Silbermond sind erwachsen geworden: Nachdem ihr letztes Album konsequent die Erwartungen der Fans bediente, erobern sie mit „Himmel auf“ neue Gefilde – ohne sich dabei untreu zu werden.
„Durch die Nacht“ und „Symphonie“ hießen die ersten schmachtenden Rockballaden von Silbermond, mit denen die Bautzener Band ihren medialen Durchbruch schaffte. Das ist acht Jahre her. Inzwischen ist Silbermond längst ein fester und groß gefeierter Bestandteil des deutschsprachigen Musik-Mainstreams. Zahlreiche große Musikpreise, Top-10-Hits, Schallplatten in Gold und Platin, ausverkaufte Touren. Statt kleiner Clubs füllt die einstige Schülerband längst die großen Arenen der Republik, im Mai geht es auf eine kleine Europa-Tour. Eine regelrechte Bilderbuchkarriere.

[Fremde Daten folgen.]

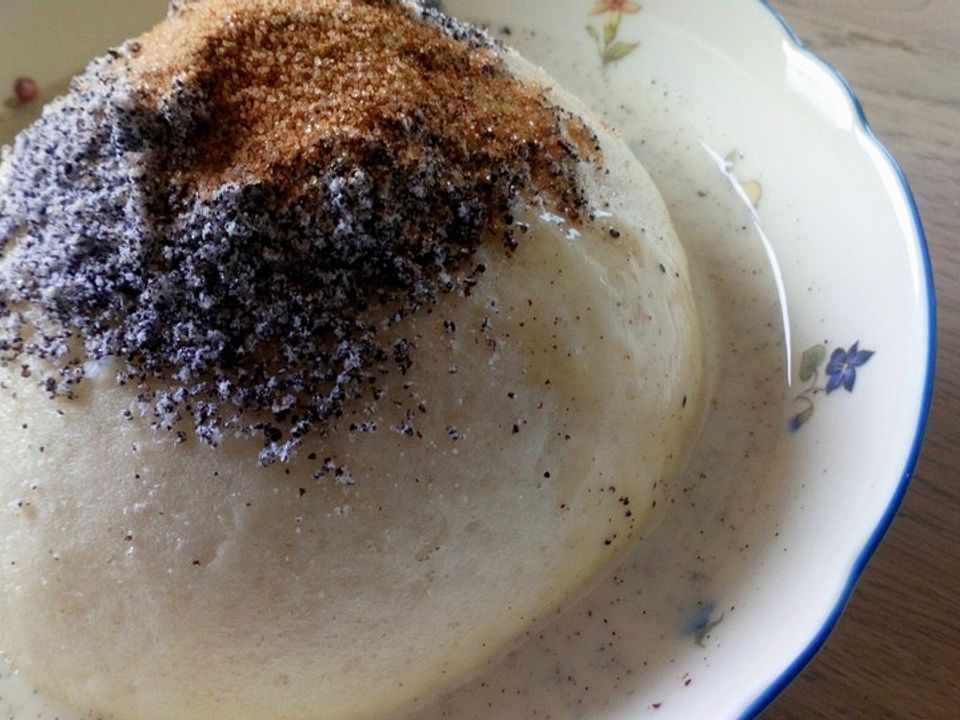 Marlenes Germknödel mit Vanillesoße von Malensche| Chefkoch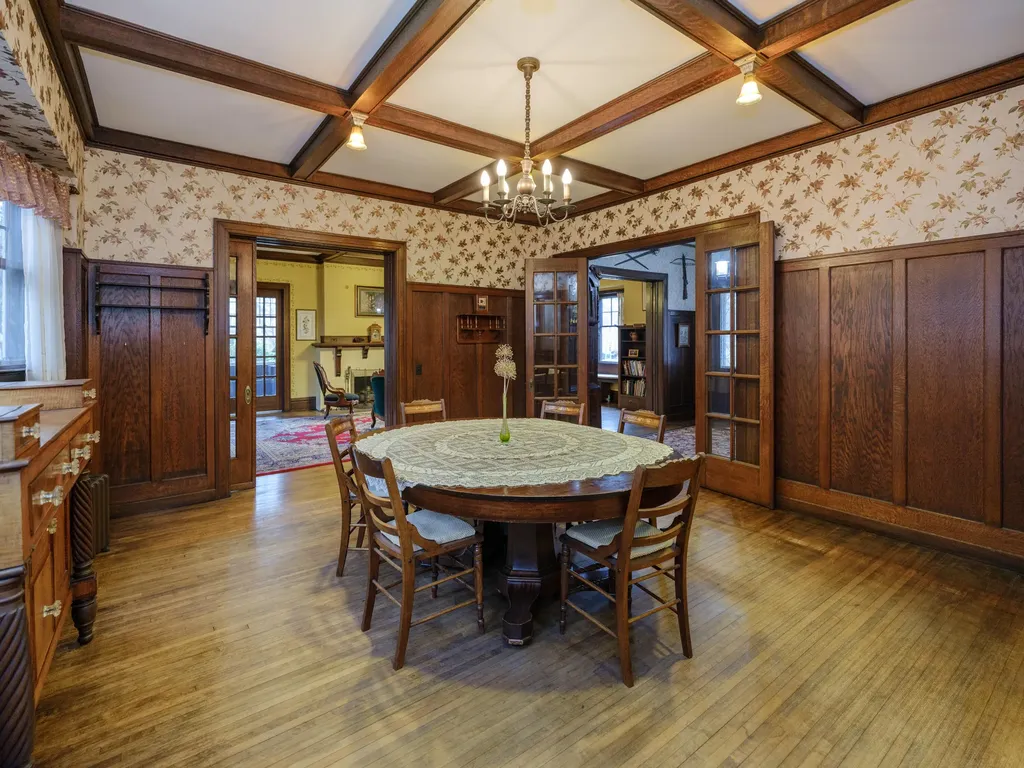 204 Monroe Street Kalamazoo City MI 49006
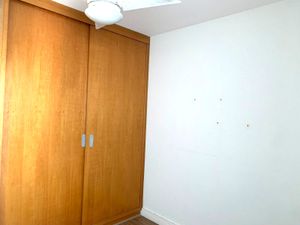Image 16 - 916725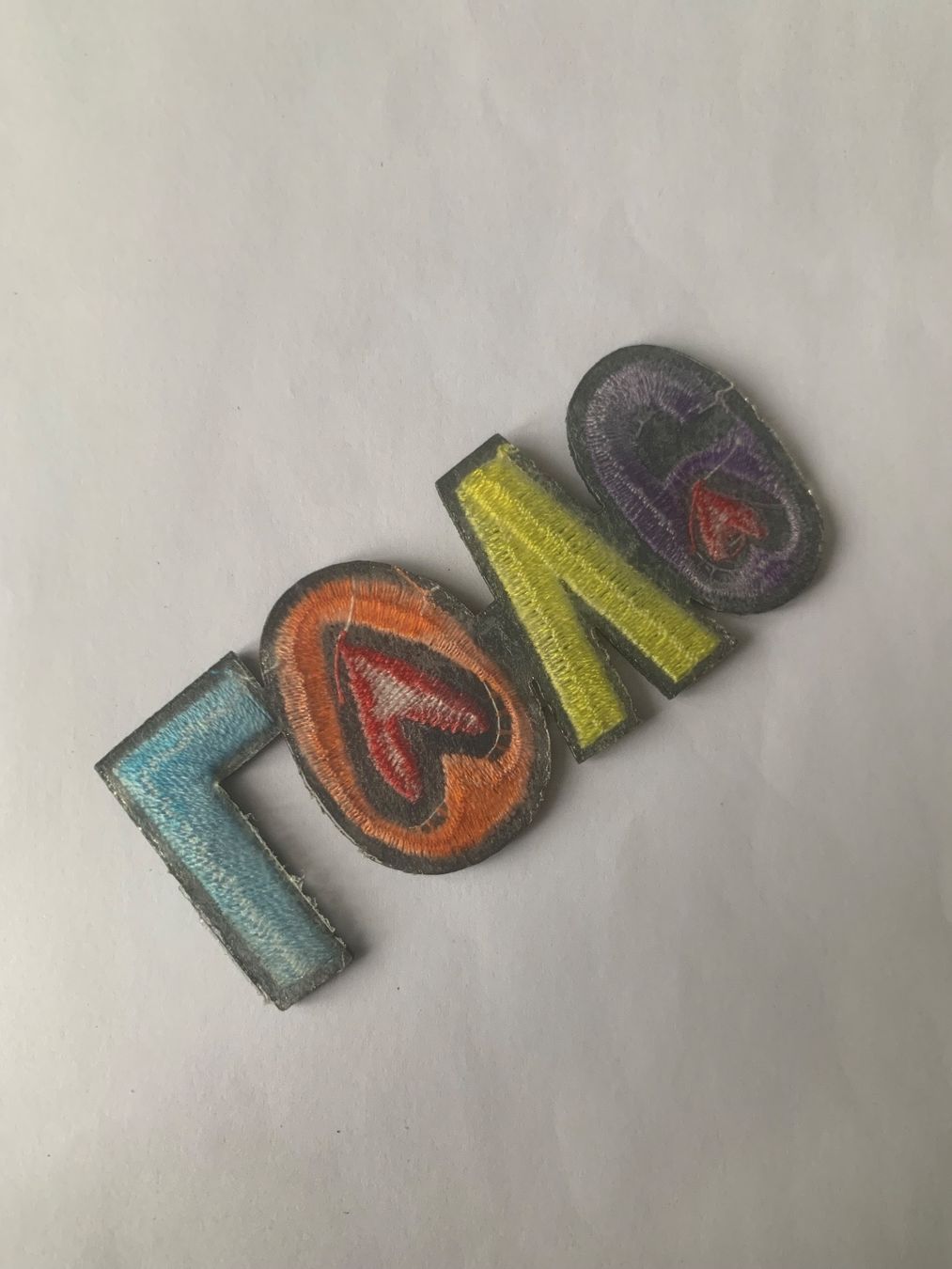 Toppe: LOVE Patch Badge, Bügelbild – Nuovo e nell'imballaggio originale da Ostermundigen venduto da Mcone 2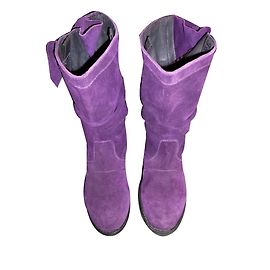Dirk Bikkenbergs Stiefel Lila
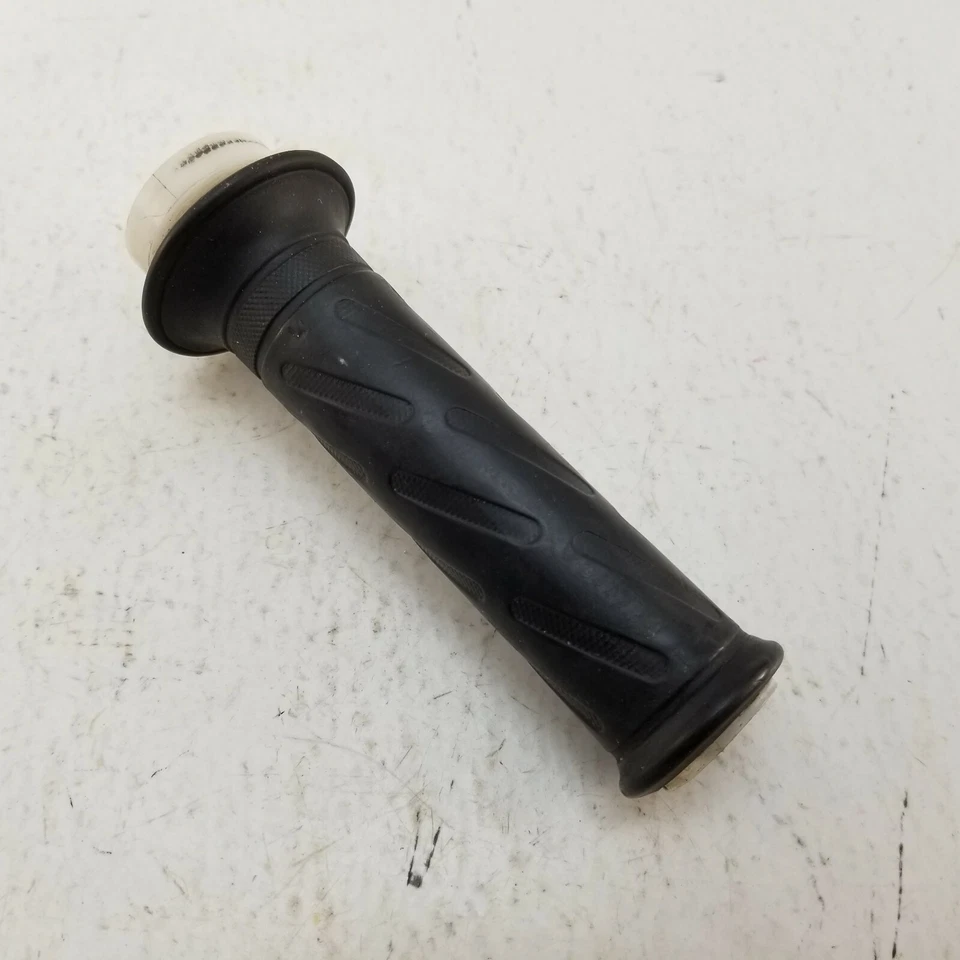 Рукоятка дроссельной заслонки 1999 Suzuki GSXR750 - Изображение 1 из 4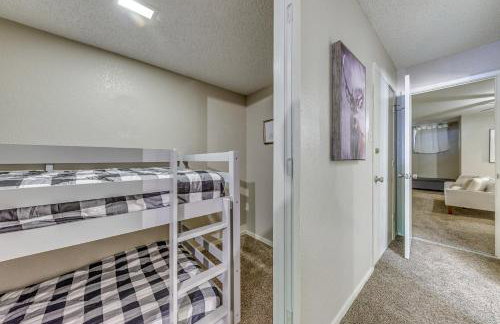 1 Mi to Ski Slopes Alto Escape with Game Room! - Foto 25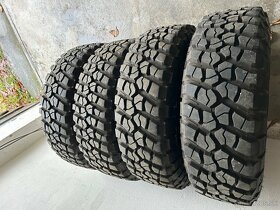 Jeep Wrangler r17 BF Goodrich 254/75 r17 - 16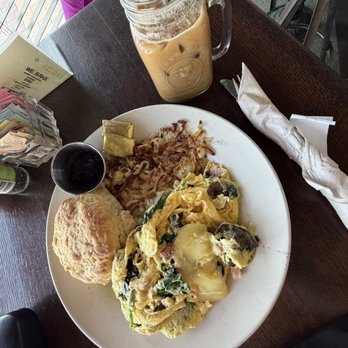 Wilma & Frieda's Cafe - Omelette, hash browns, biscuit, latte - Comfort Food Near Me - Palm Desert, California Wilma & Frieda's Cafe - Omelette, hash browns, biscuit, latte - Comfort Food Near Me - Palm Desert, California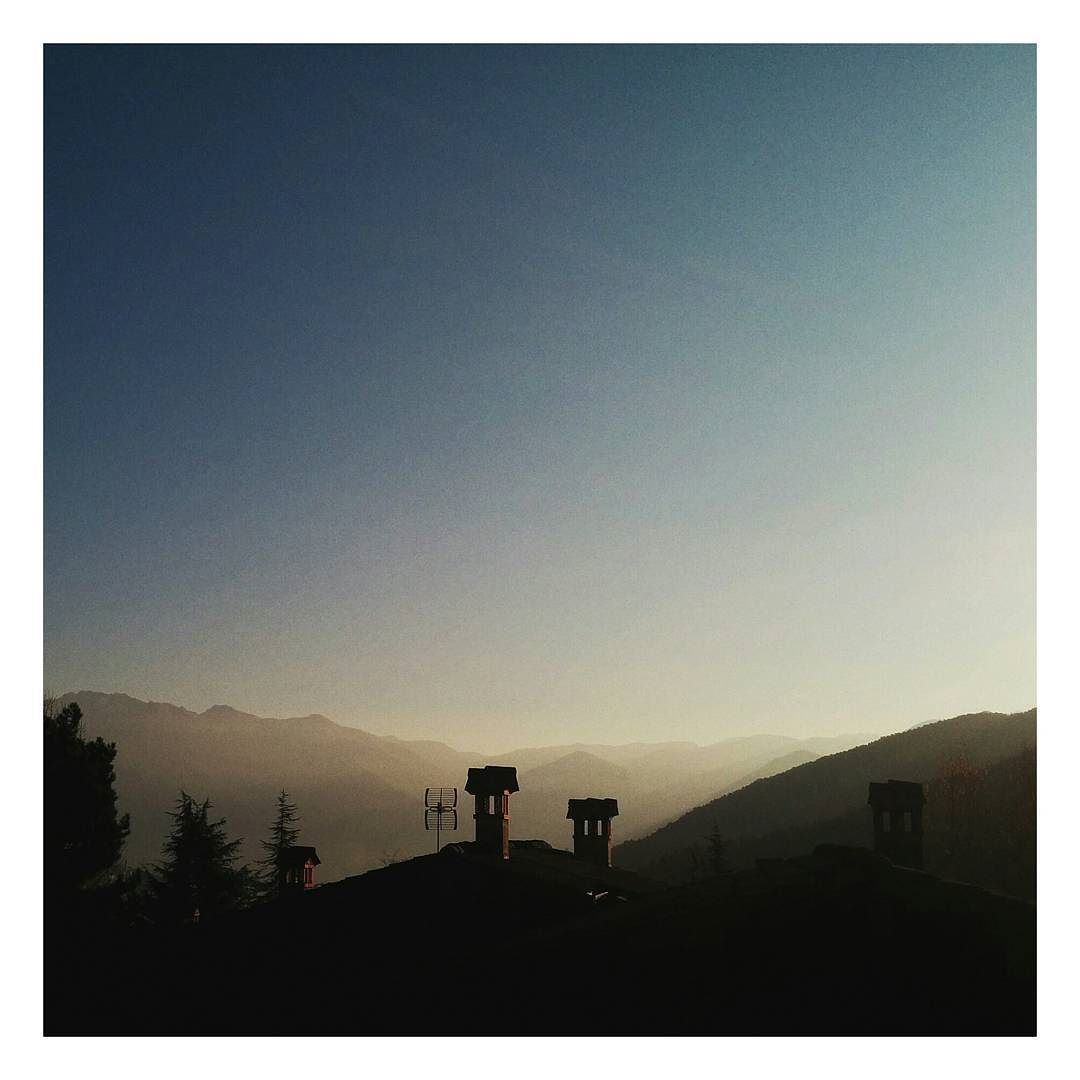 8.00 am. #italy #mountains #landscape #nature #village #vallecamonica #love #happyness #borno #view #alps #alpi #holiday #horizon #home #trees #beautiful #colors #fall #autumn #skyporn #sky #sunrise #sunrays #valledeisegni #sunnyday #breathtaking #breakfast #freezing #sunshine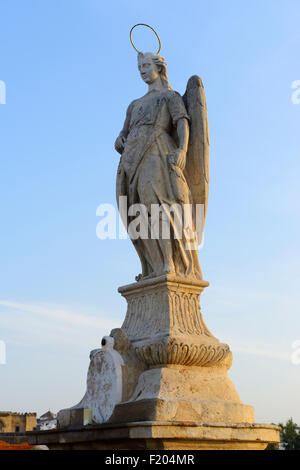 Estatua de San Rafael en el Puente Romano (Puente Romano) sobre el río Guadalquivir en Córdoba, Andalucía, España Foto de stock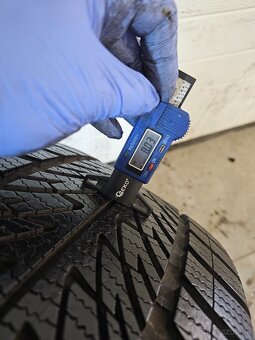 1 kus GoodYear Ultra Grip8 Perfromance 285/45 R20 - 2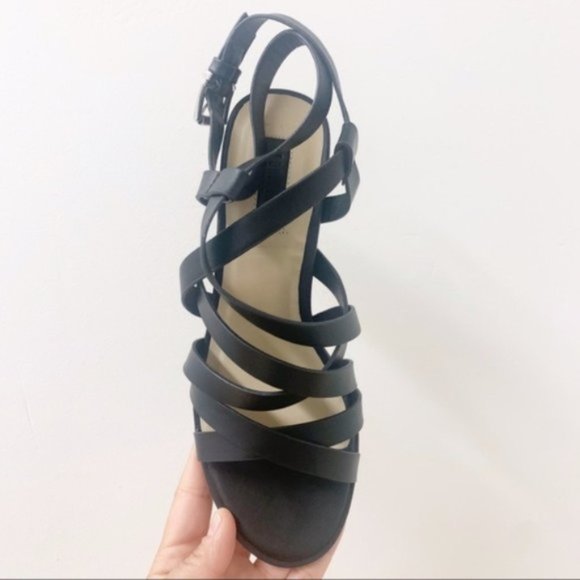 Forever21 Black Ankle-Strap Heel Sandals Size 5.5 - Picture 4 of 4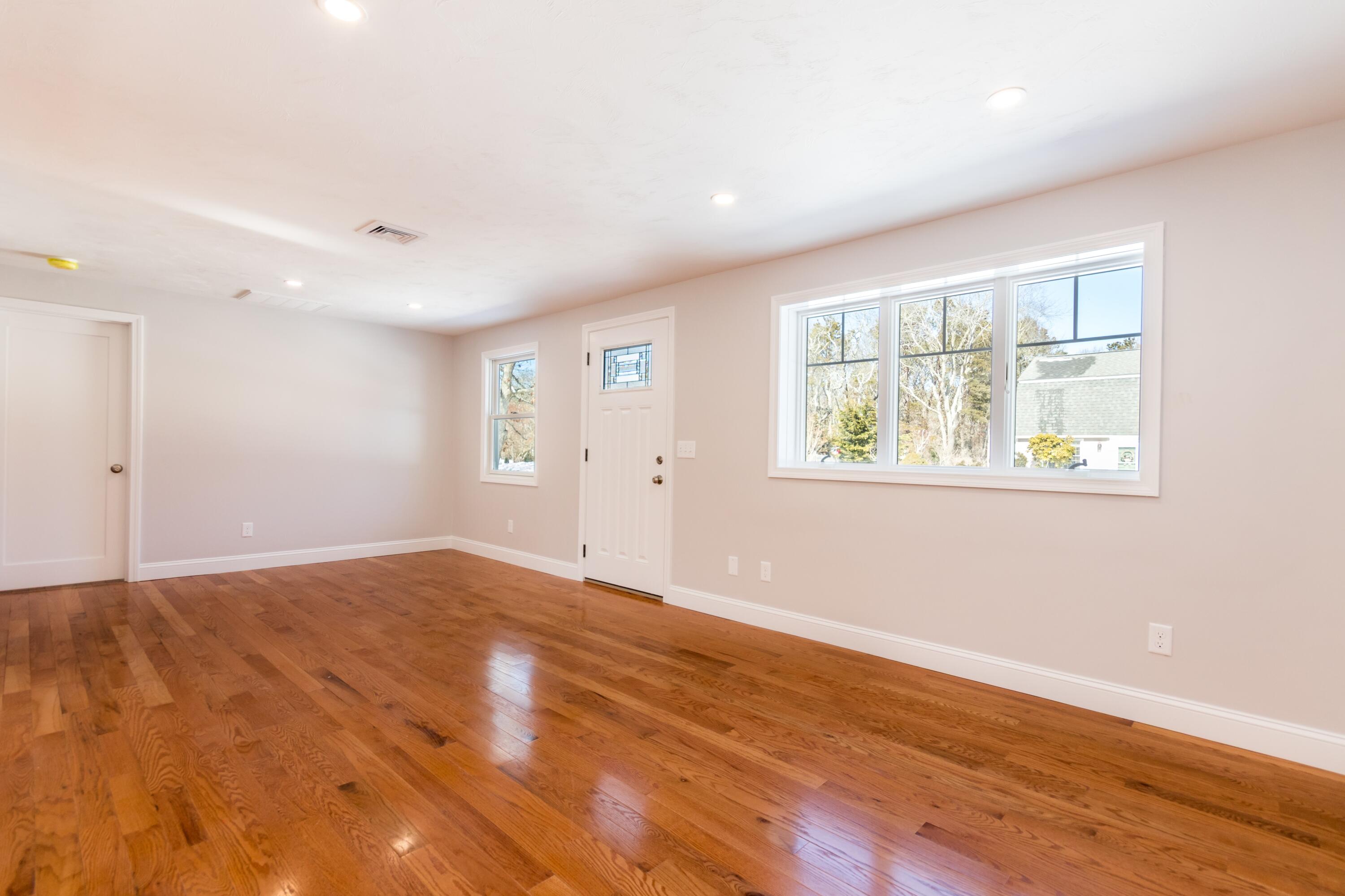 24 Weatherglass Lane Falmouth MA 02536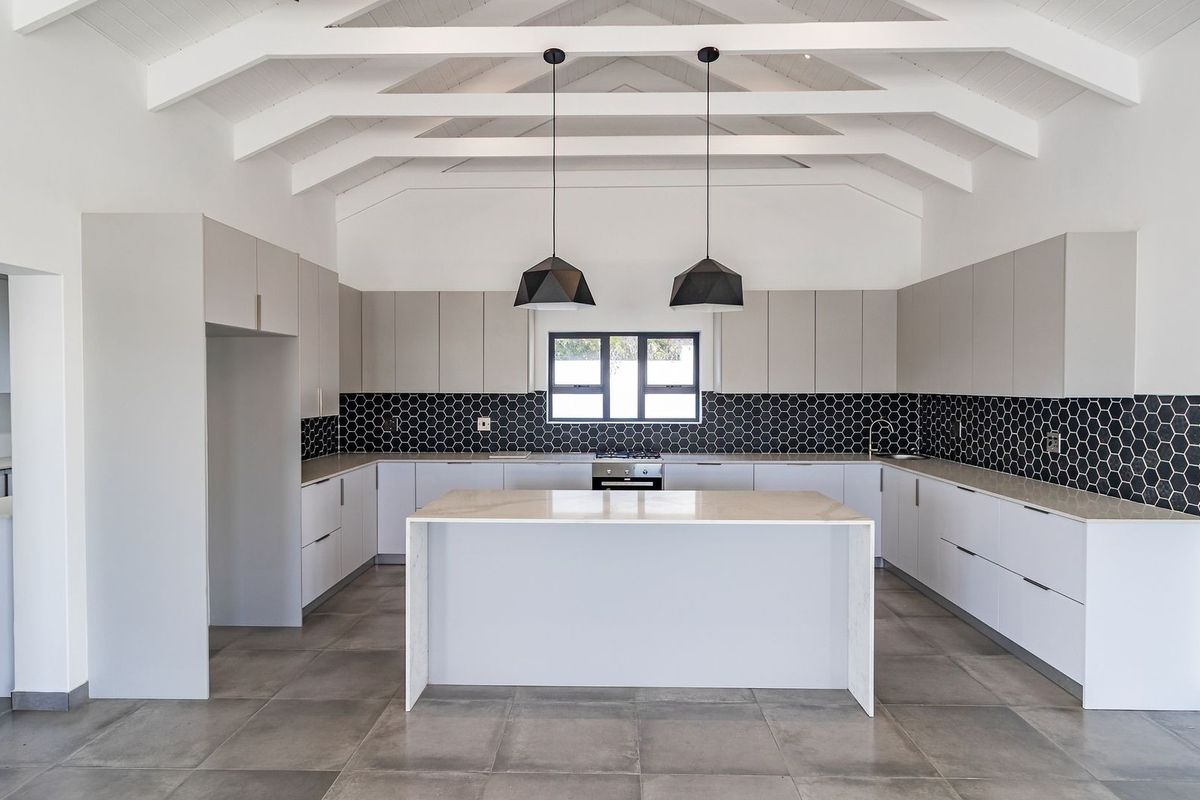 Monochrome Meets the Coast - Perfectly Priced and Built to Impress! - Photo 2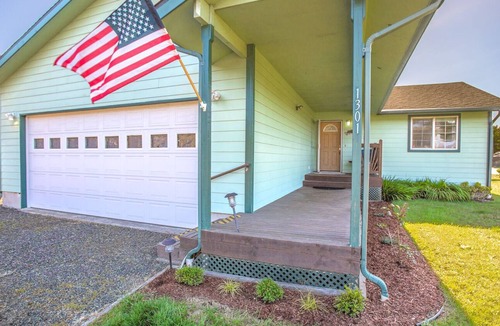 Westport Cottage | This home is your perfect Washington Coast getaway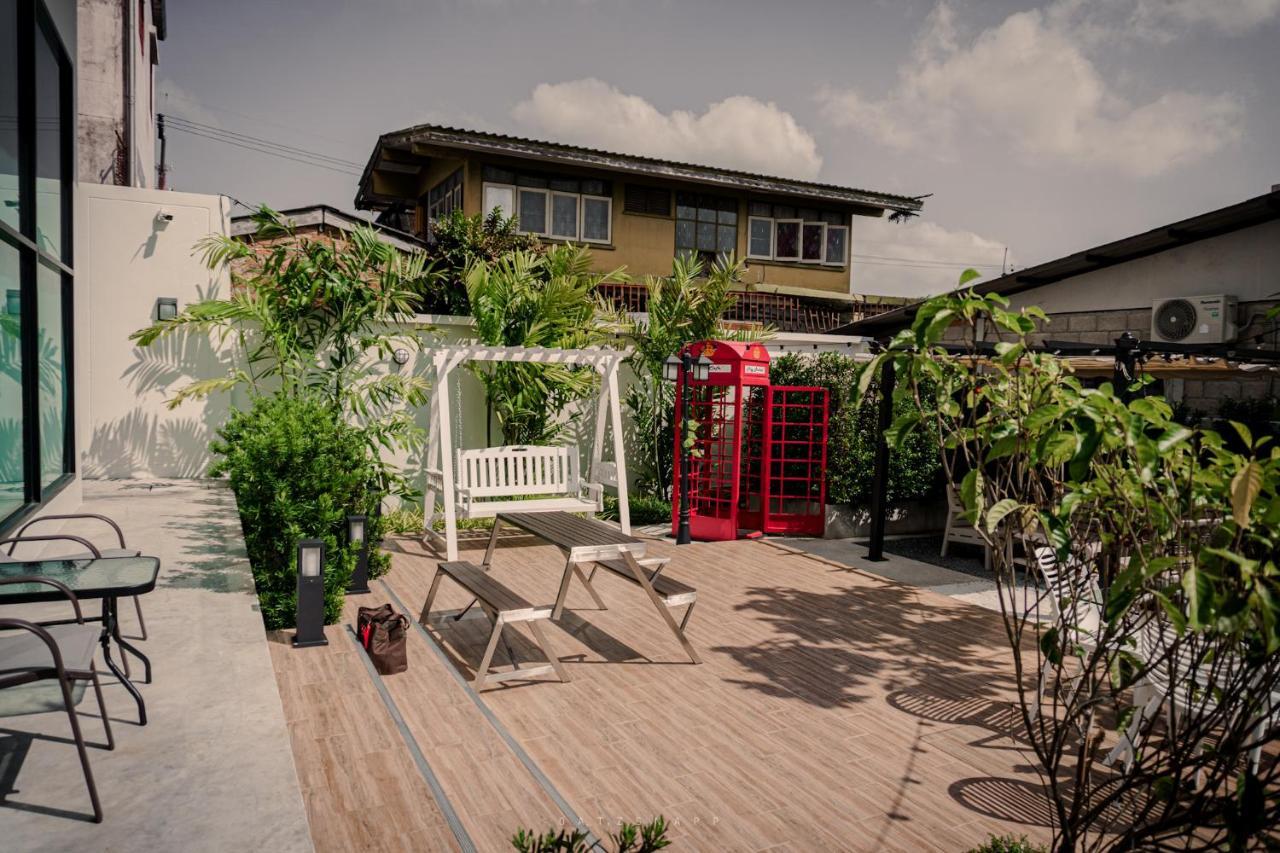 Play Poshtel & Cafe' Hotell Krabi town Eksteriør bilde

Doch auch Bands mit Bilderbuchkarrieren haben ihre kreativen Krisen, die bewältigt werden müssen. Vergangene Woche veröffentlichten Silbermond ihr viertes Studioalbum „Himmel auf“. Eine Platte, bei der sich Sängerin Stefanie Kloß, Bassist Johannes Stolle, Gitarrist Thomas Stolle und Schlagzeuger Andreas Nowak entscheiden mussten, ob man sich weiter auf altbewährtes verlässt, sich an den Erwartungen der Masse orientiert, oder ob man nicht doch neue Wege beschreiten will.
Die Band hat sich offenkundig für die neuen Wege entschieden. Während das vorige, überaus erfolgreiche Album „Nichts passiert“ stellenweise so klang, als ob die Band fast schon krampfhaft die Erwartungen ihrer Fans erfüllen wollte, klingt „Himmel auf“ erfrischend freier und luftiger. Man möchte fast schon sagen erwachsener. Dabei beginnt Silbermonds Reise zum aufreißenden Himmel fast altbewährt, ganz Silbermond-typisch mit der melodiösen, eingängigen Rocknummer „Unter der Oberfläche“, die allerdings, mit Synthies und Chören angereichert, schon auf die neuen Wege schließen lässt. Es klingt fast so, als hätten Silbermond hier mit Coldplay und der Rockband The Killers angebandelt. Diesen Eindruck hat man bei dieser Platte nicht nur einmal.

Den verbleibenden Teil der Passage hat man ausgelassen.